Playing the role of My Thai from the age of 19 to 50 is a challenge for Inocencio, currently a student in college who usually acts in musicals.

"She's the opposite of me. I'm a lot younger than my character in the second act, but I hope to bring as much as I can to the character."

BEING SO YOUNG, the director, Michael Stepowany, often has to remind her to more rigid, less emotional. "A life without love could surely turn a person hard," she said.

May Respicio plays Tuyet, the daughter of the American pilot and the Vietnamese woman.

"I'm their daughter and an university teacher and as one, she feels very strongly about the war and American soldiers and what they did to her country," Respicio said. "Part of the reason she feels so strongly is that, as she's grown up, she learned about her mother's relationship with the soldiers, but never who her father is," she said.

Her character is very passionate and opinionated. "She stands her ground and seems to be a strong character. She doesn't hesitate in letting her mother know how she feels about her father."

Director Michael Stepowany said once he read the script, which was given to him through the Tsunami Theater company, he had only seven weeks to get the play together.

"I remember the era very clearly," Stepowany said. He decided to mix some traditional Vietnamese sounds and dancers into the play to create a more "stylized" feel, and the scenes set in the United States are more "modern" looking.

"This play does have an anti-war message, but we're talking strictly about Vietnam," he said. "It only comes through in the dialogue. The play is left in the air at the end for the audience to decide how the characters' lives turn out. We spend a lot of energy getting into the relationships between the characters."
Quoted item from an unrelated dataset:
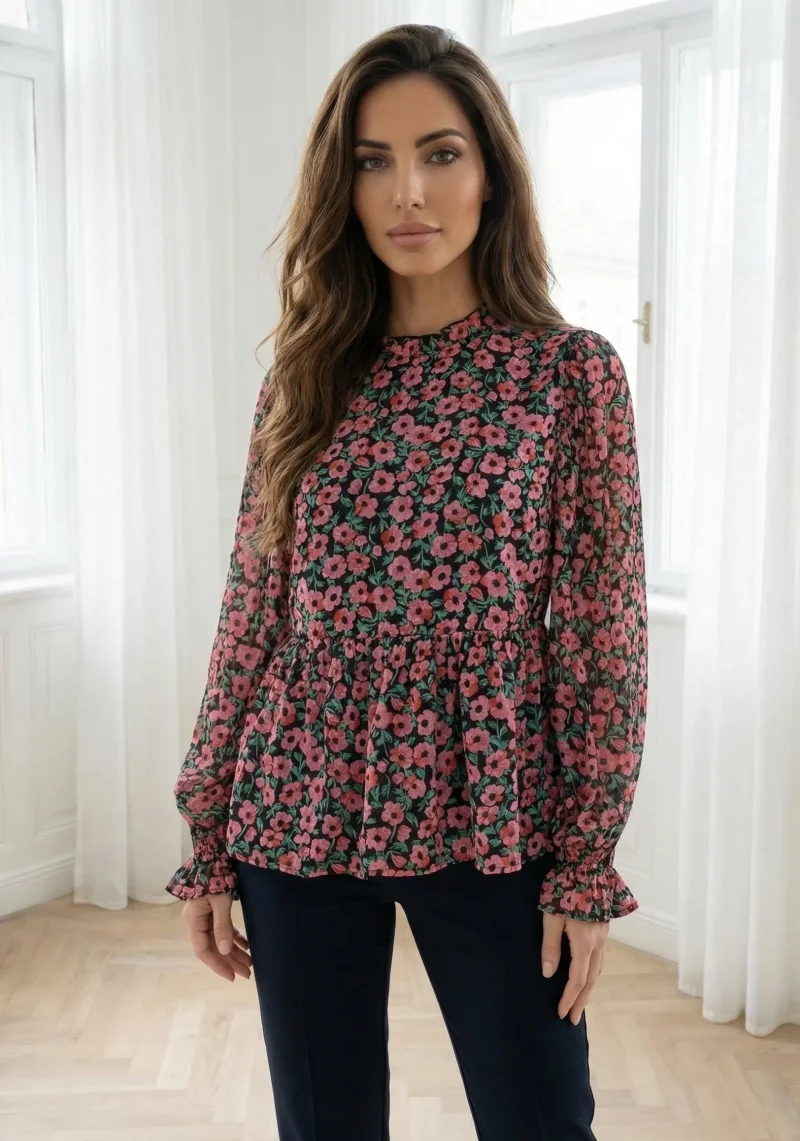 Bluza eleganta cu volane si impr...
Stepowany said he has researched the war in order to make references to locations the pilot would have flown over and around to enhance the atmosphere of the play. "We're trying to keep it as historically accurate as possible, without using a specific platoon for him. It should be a visually interesting piece to watch."

In order to make the play as authentic feeling as possible, Stepowany will have "White Christmas" playing as the audience files into their seats before the play begins.

"'White Christmas' was the secret code to tell the soldiers it was time to evacuate Saigon," he said. "By the next day, all the soldiers were en route home."